**DATA BLOCK**
+++++
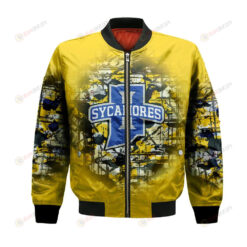 Indiana State Sycamores Bomber Jacket 3D Printed Camouflage Vintage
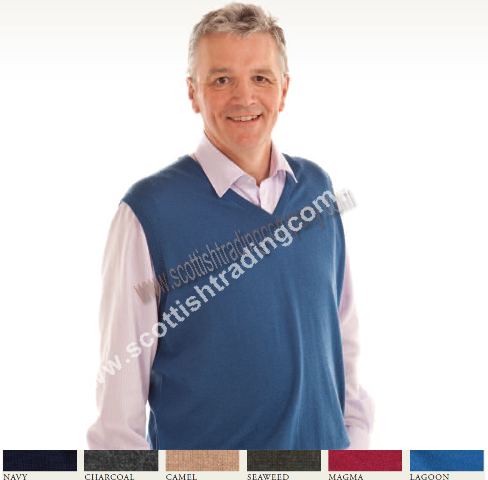 Men's Lambswool Vee Neck Sweater Vest - Click Image to Close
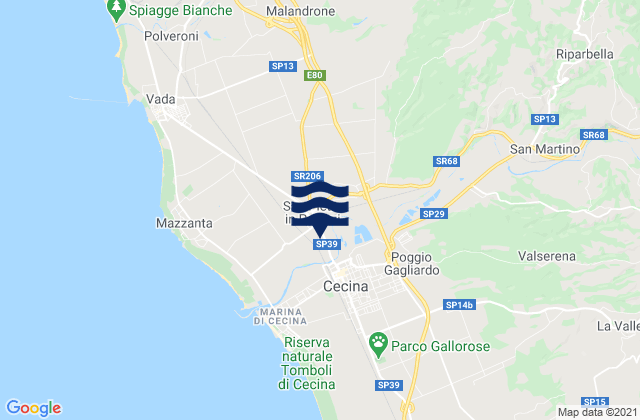 Montescudaio, Italyの潮見表地図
+++++
**PROBLEM TO WORK ON**
Every line above should be repeated exactly; pictures stay out of the copy.

**ANSWER TO THE PROBLEM**
 Indiana State Sycamores Bomber Jacket 3D Printed Camouflage Vintage
 Men's Lambswool Vee Neck Sweater Vest - Click Image to Close
 Montescudaio, Italyの潮見表地図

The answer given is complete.